Post by Stephen Hawkins »

Having announce a desire to own an old Merlin Rocket, I was wondering how the structure of one of these old 'war horses' would be holding up after 40/50/60 years.....

Should I be concerned that I may have to completely disassemble and re-assemble it down the line? An extreme case, I know, but the old phrase '10 thousand rivets flying in close formation' seems to come to mind, an old aerospace saying pertaining to any old, large RAF aeroplane - along with 'if it aint leaking, its empty'....a phrase associated with Lightnings in particular...Anyway, I digress...

It goes without saying that an old boat will need to be treated with some deference, with regard to rig tension and when and where I sail it. But will I be left in the lake floating amongst a sea of wooden parts?

I had an old 1959 wood on frame Heron that was very .....err... flexible athough she sailed nicely and was very usable as a traing boat. I think is was the recent deck that was holding things together, and once I was 'thunked' by a badly driven safety boat that seems to move every panel on the old girl.

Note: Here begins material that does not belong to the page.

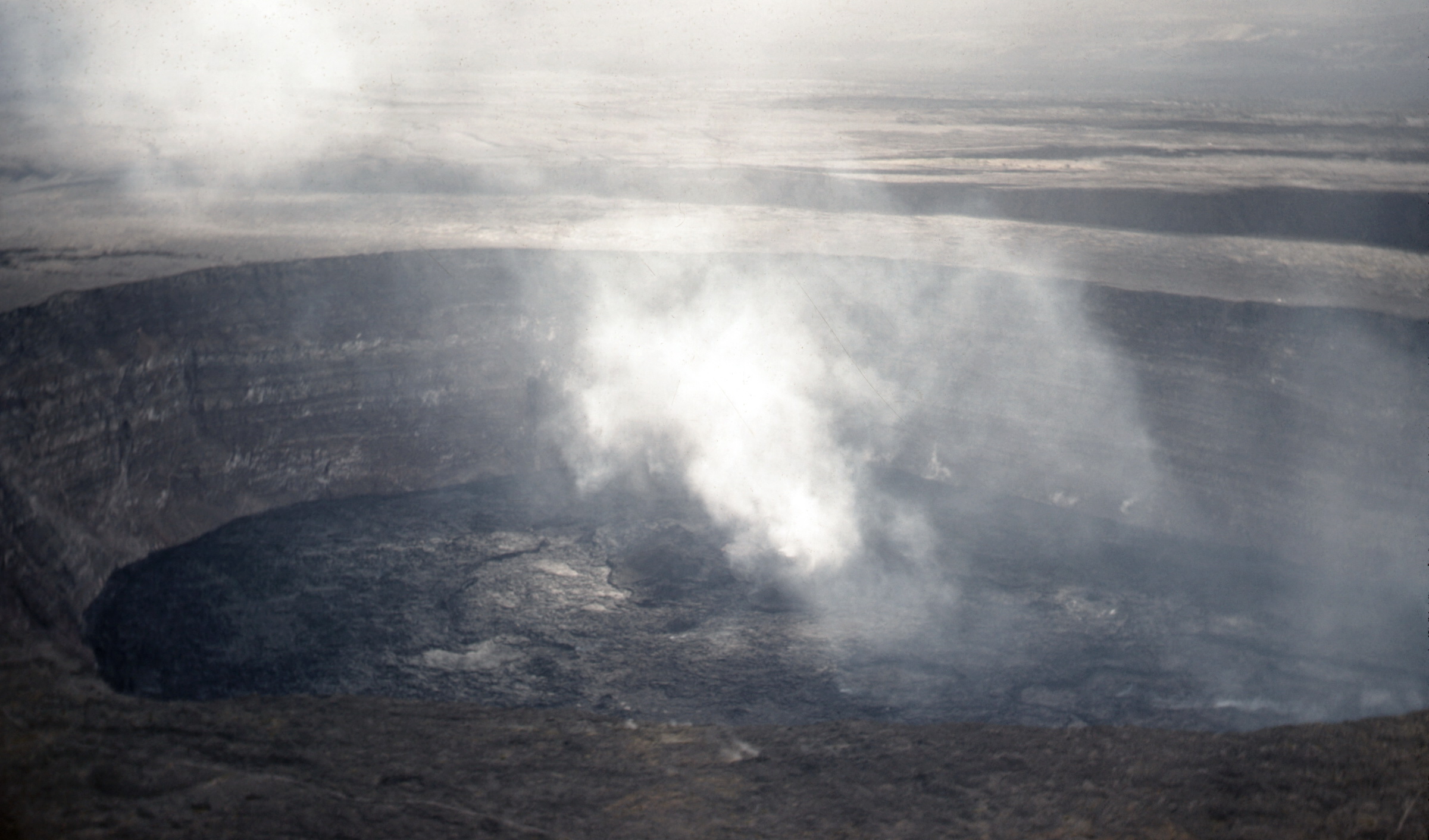 Rufus B. Thompson, Jr. - Manila 1945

I could tell as ther were new cracks all over her, especially the transom where the collision occured! Out with the super glue....

I am aware of a recent discussion on this subject that I saw whilst lurking....I was just curious about it in relation to Merlins and thier Clinker construction.

I have a deckless 40+ year old Cadet in my back garden which I am supposed to be re-decking, many of the supports and strengthening pieces were loose and had to be re-glued. The old deck was providing a surprising amount of structural integrity - more that normal anyway.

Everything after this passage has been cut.